On Wednesday, 23 May 2018 at 13:36:20 UTC, rikki cattermole wrote:
On 24/05/2018 1:29 AM, Malte wrote:
On Wednesday, 23 May 2018 at 13:24:35 UTC, rikki cattermole wrote:
On 24/05/2018 1:20 AM, Malte wrote:
On Tuesday, 22 May 2018 at 21:45:07 UTC, IntegratedDimensions wrote:
an idea to lock data by removing the reference:

class A
{
   Lockable!Data data;
}

[...]

This sounds like you are looking for is an atomic swap. Afaik it doesn't exist in the standard library. You could use asm for the XCHG, but that would make your code x86 dependent. I think the easiest way would be to just use a mutex and tryLock.

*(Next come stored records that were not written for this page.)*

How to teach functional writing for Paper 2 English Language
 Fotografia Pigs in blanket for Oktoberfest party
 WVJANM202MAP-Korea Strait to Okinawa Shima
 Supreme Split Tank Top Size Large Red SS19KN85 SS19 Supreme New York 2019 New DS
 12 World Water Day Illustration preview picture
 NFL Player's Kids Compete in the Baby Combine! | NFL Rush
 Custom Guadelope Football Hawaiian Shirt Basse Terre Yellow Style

What are you talking about? :p

http://dpldocs.info/experimental-docs/core.atomic.cas.1.html

That is Compare-and-set.
To make an exchange using cas I first have to read the value, then write to it expecting to be still the value I read before. That are more instructions than just a swap. If a cas fails, I have to redo everything. An exchange never fails, I just might not get the result I would like to have (null instead of pointer).

So you want a load + store as swap in a single function (that is optimized). In that case, please create an issue on bugzilla (issues.dlang.org).

No, as I said, that is already one instruction on X86: https://www.felixcloutier.com/x86/XCHG.html Just being able to use that instruction with the standard library would be good.

You could also use it with compiler intrinsics. Something like
import ldc.intrinsics;
T* tryGetPtr(T)(T** a) {
return cast(T*)llvm_atomic_rmw_xchg!size_t(cast(shared(size_t)*)a, 0);
}
void restorePtr(T)(T** a, T* b) {
llvm_atomic_rmw_xchg!size_t(cast(shared(size_t)*)a,cast(size_t)b);
}

I would just go with mutexes unless your really need to go that low level though, much saner.